One can surmise the problem of forecasting NFP using the stock market over the very short-term: SPX annualized volatility of 12.87% far exceeds NFP annualized volatility of 0.65%. It is 19.8 times larger! The former partially reflects speculative activity, while the latter will be more rigid since employment is not instanteous transactionally.

It is interesting to note how the geometric growth rate of NFP is 0.157 of the SPX geometric mean return, which is consistent with our regression result.

It is a long-term result and should not be solely relied upon for short-term forecasting where trading is involved due to the relative magnitudes of the volatilities.

We have focused on forecasting the monthly change in NFP using a variety of lens. Here are some point forecasts for May 2016:

- Baseline expectation (starting 1939): +129,000
- Holt-Winters method: +291,000
- Visual selection of local range: +204,000
- Regression against S&P 500 (SPX since 1980): -259,000

The ideal point forecast would a weighted combination of different techniques. Taking the simple average for the four above:

- Mean point forecast: +91,250

Clearly the regression with the stock market in this instance greatly reduces the expected NFP number to be released.

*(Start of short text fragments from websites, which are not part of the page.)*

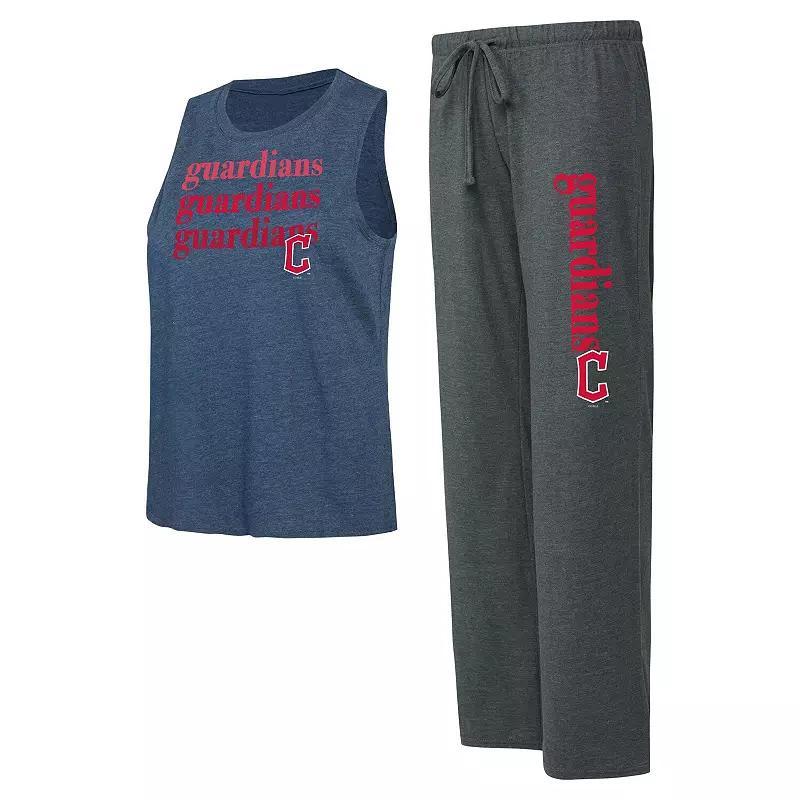 Womens Concepts Sport /Navy Cleveland Guardians Meter Muscle Tank and Pants Sleep Set Grey Product Image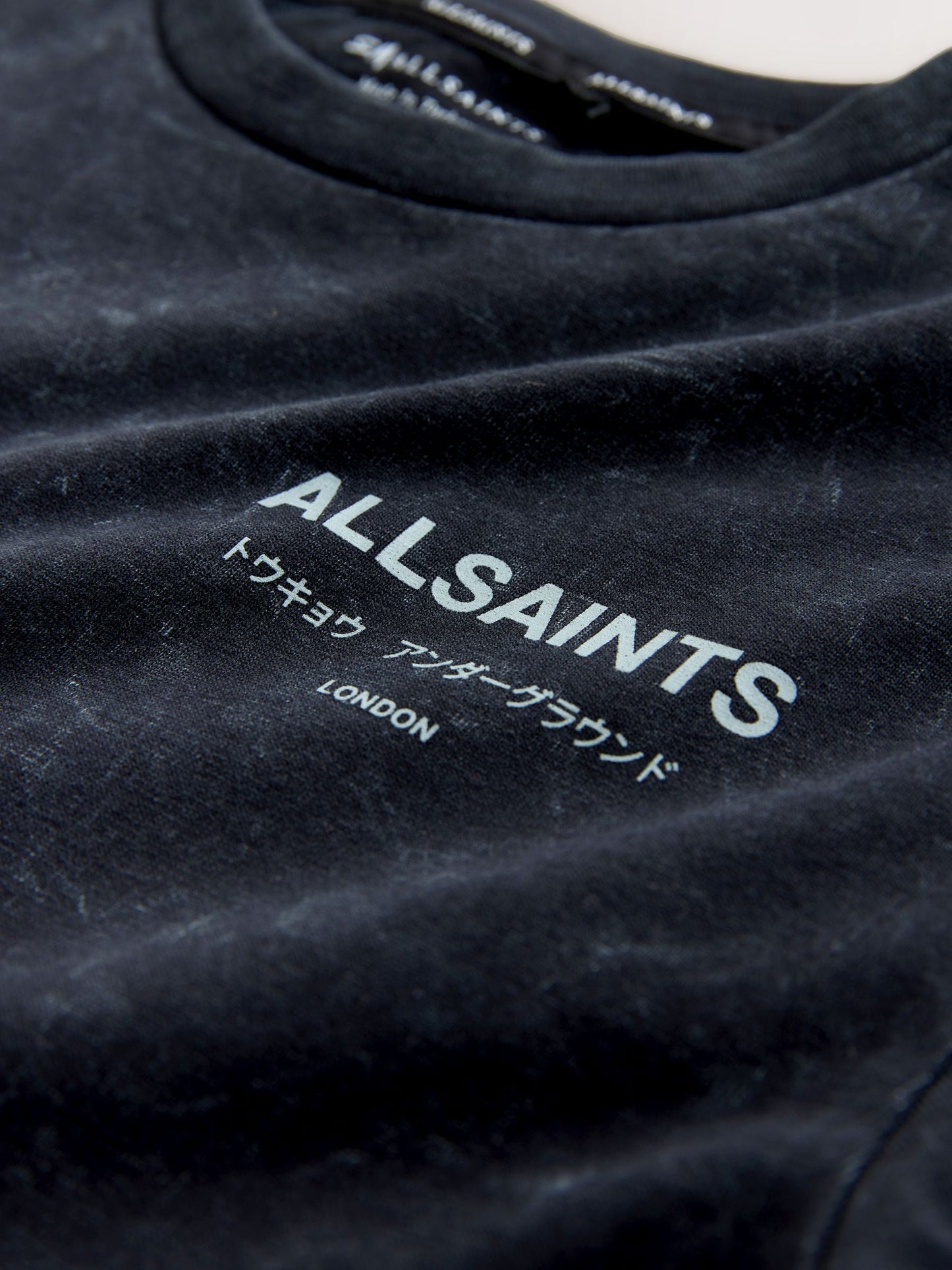 Dsiney Kidz - smALLSAINTS Washed Black Oversized Underground Crew Neck Cotton T-Shirt image 9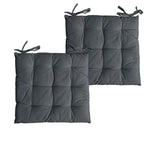 Set of 2 Colter Cotton Chair Pads Granite - Home & Garden > Bedding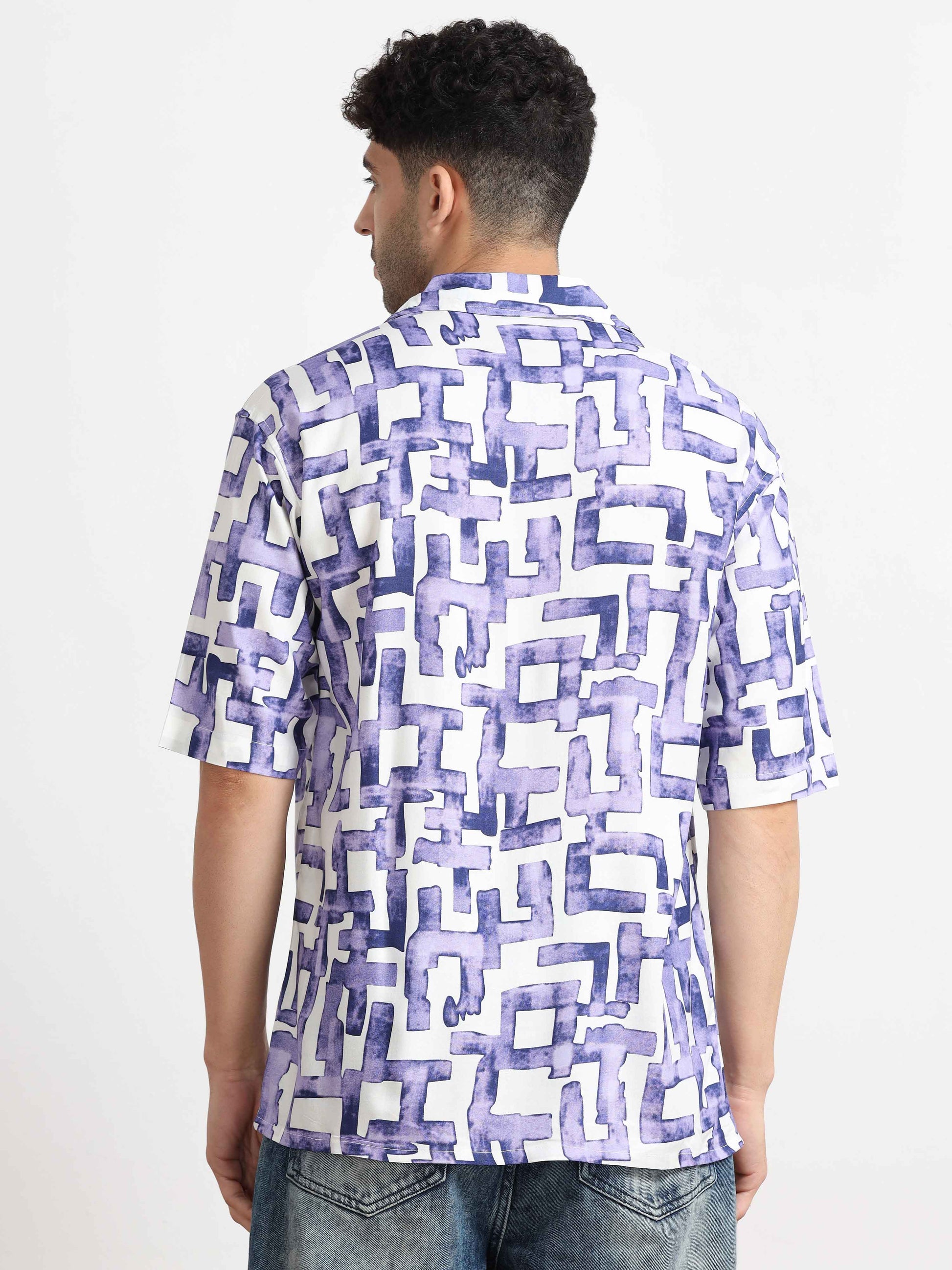 Abstract lavender color shirt for men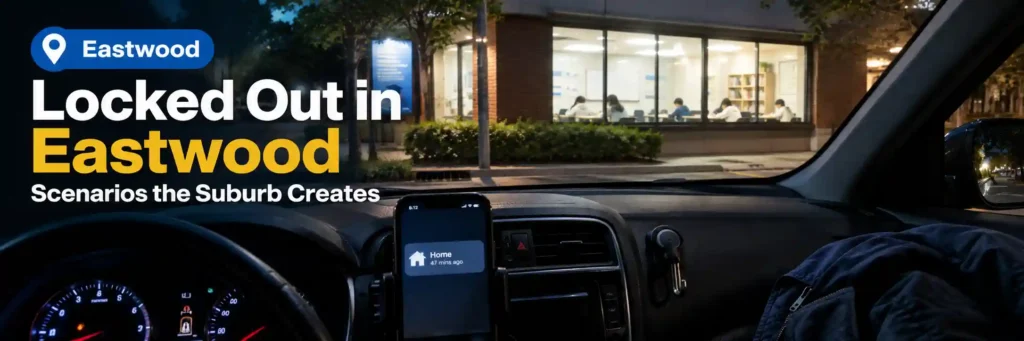 Locked out in Eastwood at night, viewed from inside a parked car outside a brightly lit tuition centre, with a phone notification and an empty key holder.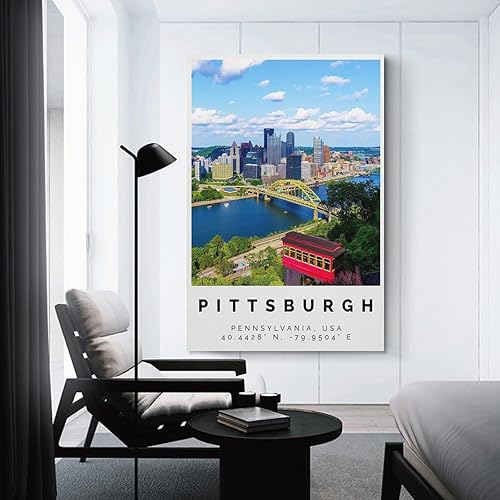 Miniatura 3 de Pittsburgh Poster Bunter Druck, Pittsburgh Wandkunst, Pittsburgh Foto Dekor, Canvas Wall Art Print Poster For Home School Office Decor Unframe-style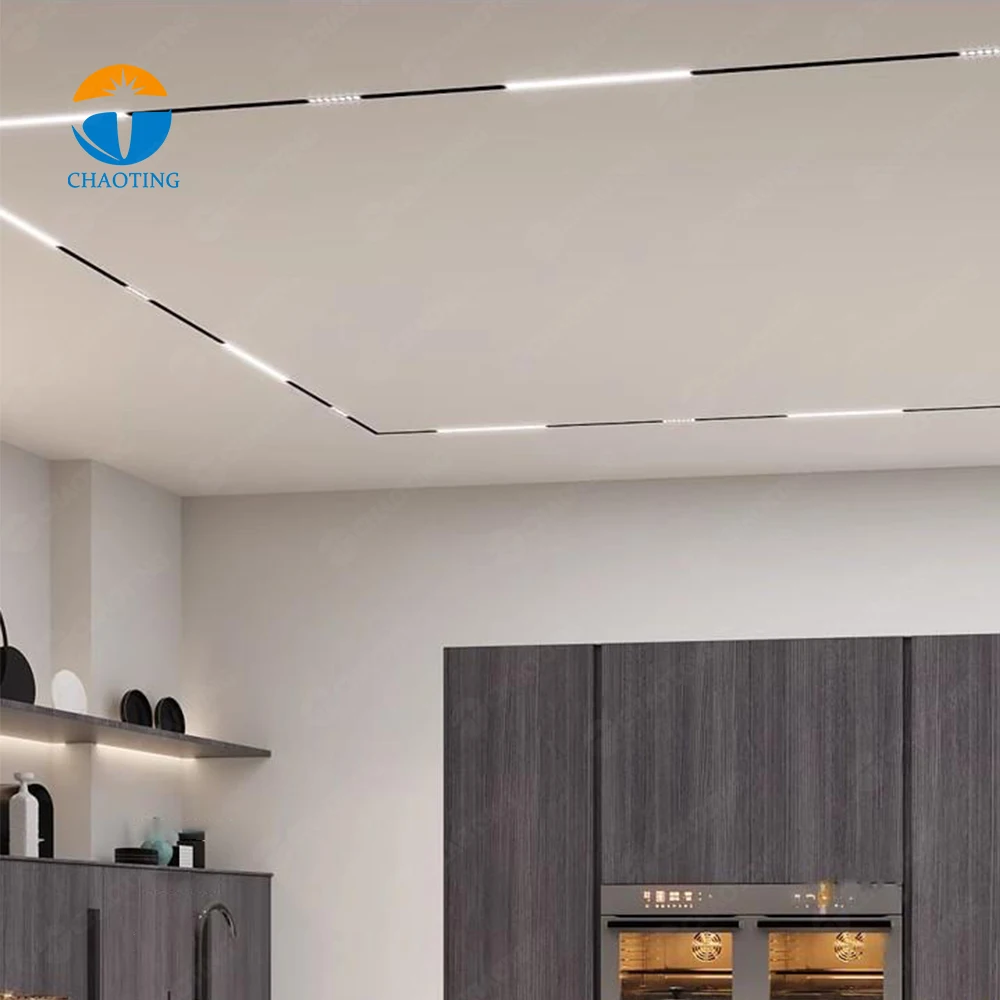 Recessed Adjustable Magnet Grille Flood Track Lights 7W 9W 10W 20W 30W Home Commercial Linear 220V 48V Magnetic Led Track Light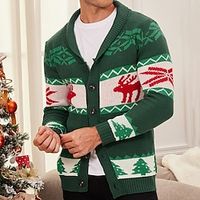 Elk Snowflake Retro Vintage Men's Button Knitting Print Ugly Christmas Sweater Cardigan Sweater Knitwear Outdoor Daily Vacation Christmas Long Sleeve V Neck Sweaters Dark Green Green Fall Winter S M L Lightinthebox - thumbnail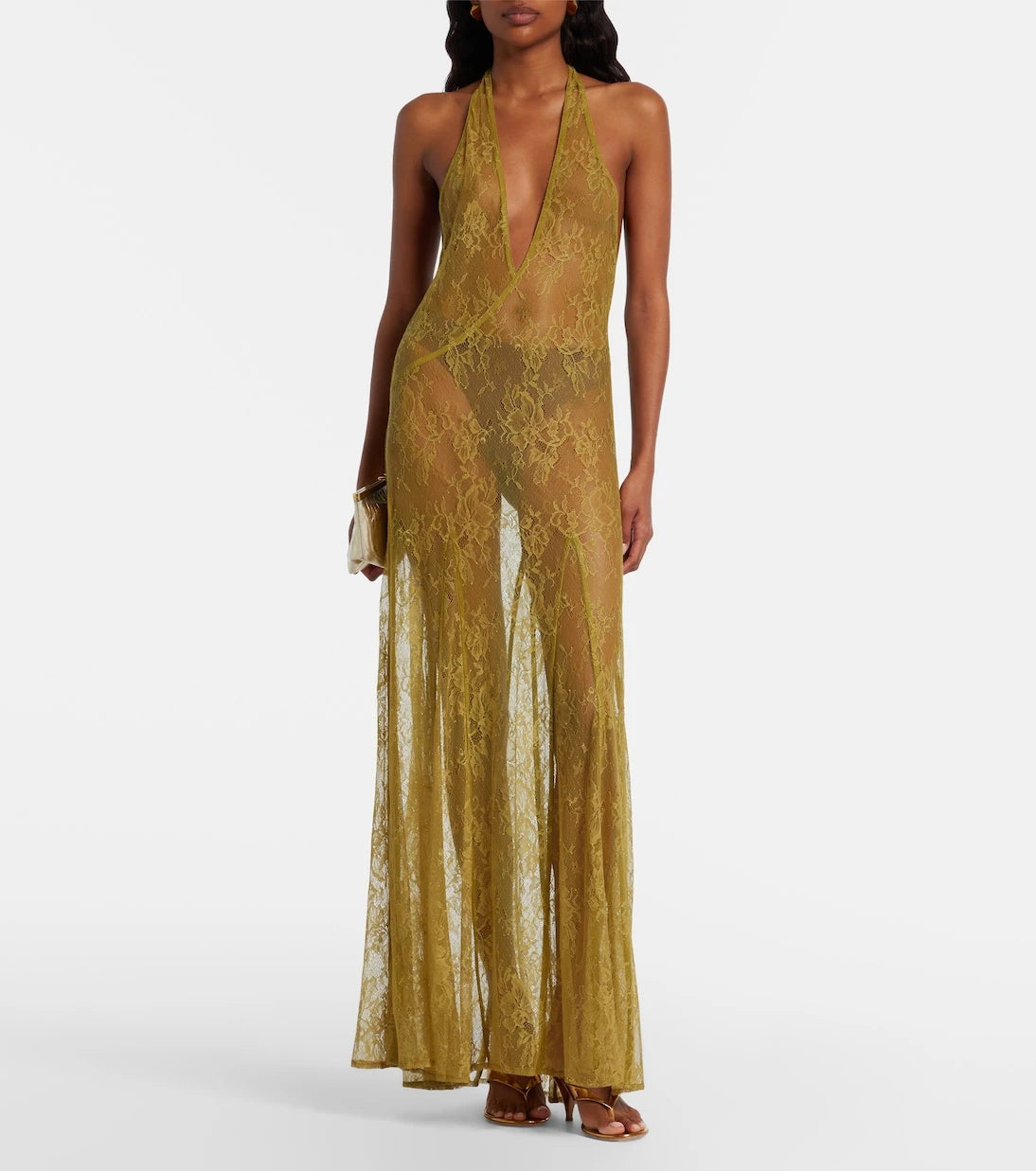 Adriana Degreas - Sheer open-back lace maxi dress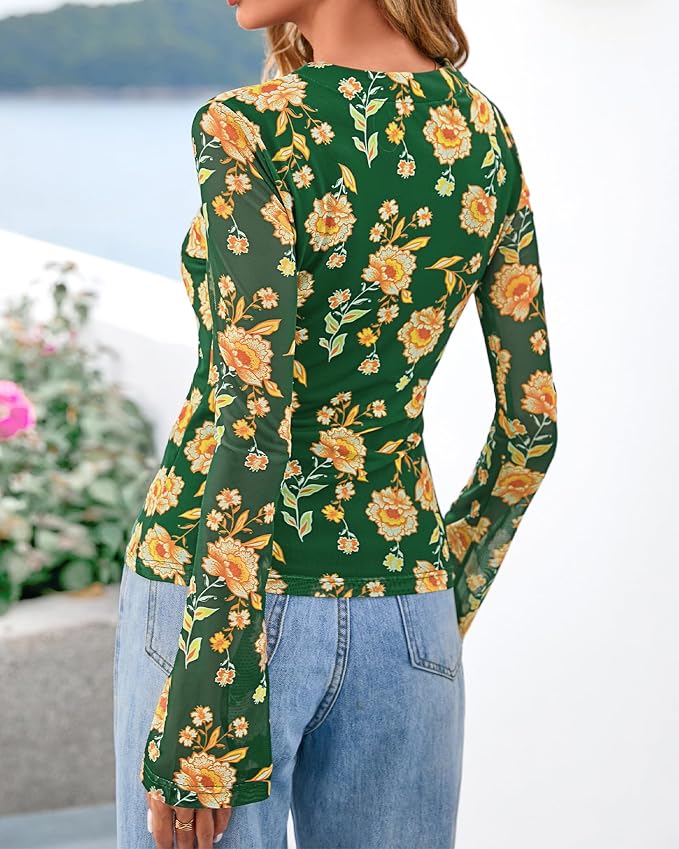 BTFBM Button Down Shirts for Women 2026 Fall Boho Tops V Neck Long Sleeve Blouses Ruched Mesh Fitted Fashion Clothing - Image 3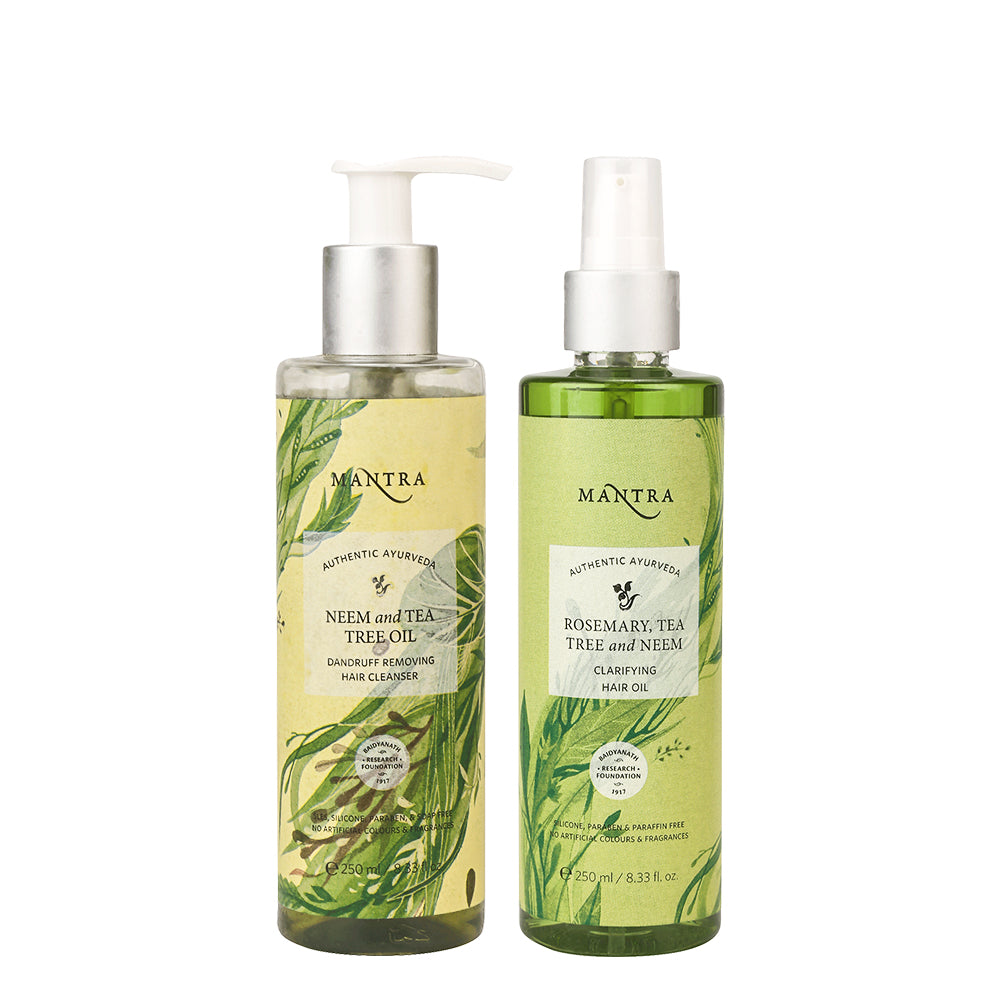 Anti-Dandruff Combo: Neem & Tea Tree Oil Dandruff Removing Hair Cleanser + Rosemary, Tea Tree & Neem Clarifying Hair Oil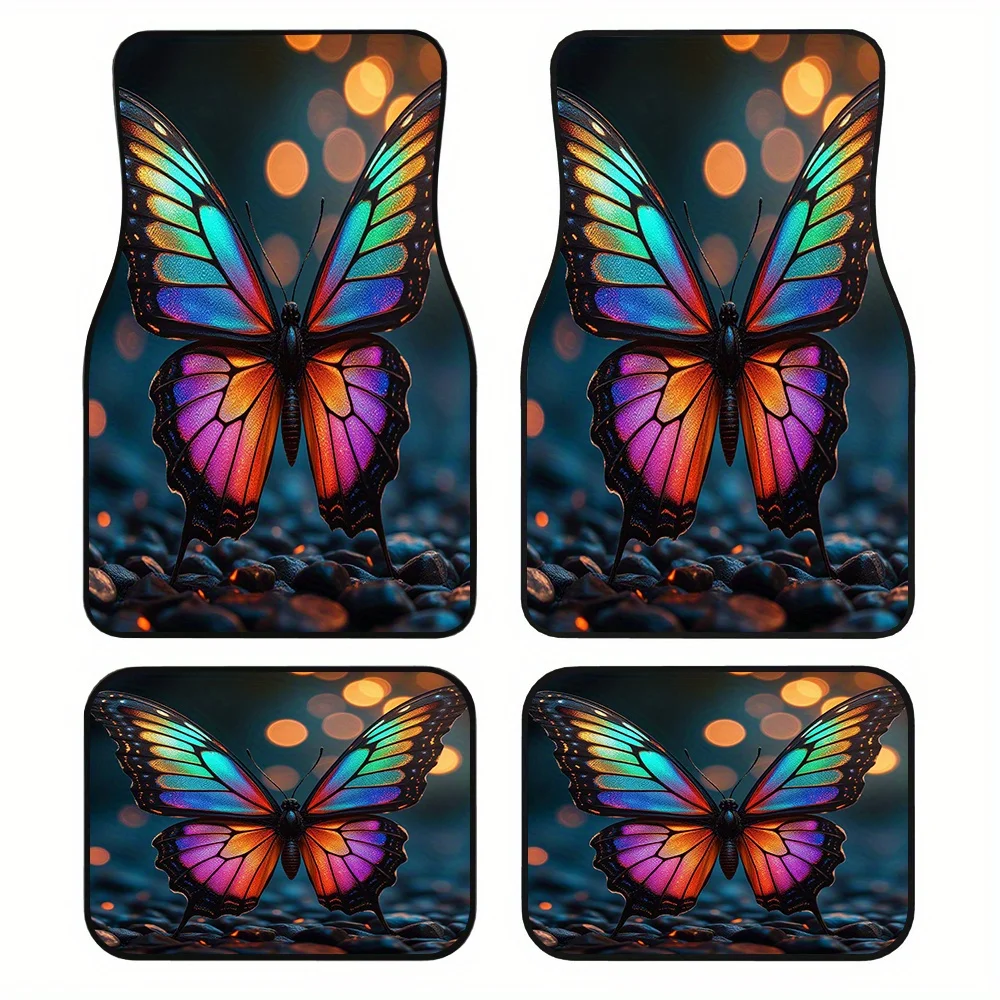 4pcs Glow-in-the-Dark Butterfly Floor Mats - Neon Glow Car Mats With Glowing Effect, Non-Slip Grip, Easy To Clean, Fit For Cars,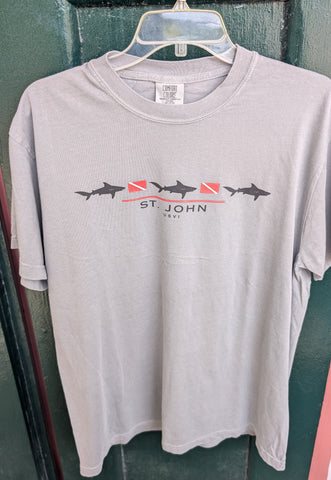 St. John Shark & Dive Flag Tee Shirt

But this exercise does not end here, for we must consider the difference from the street expectation to assess possible impact on the markets and the Fed's monetary policy.

The standard error is relatively large. From the data alone, we observe the standard deviation of 74,900 of which the survey sampling error acknowledged by the BLS is 62,800.

Examining the NFP data, much more volatility is involved than what is commonly understood in the financial news. We shall later examine employment data in the context of a large-scale dynamic economic model with real-time components, which should improve our forecasting results.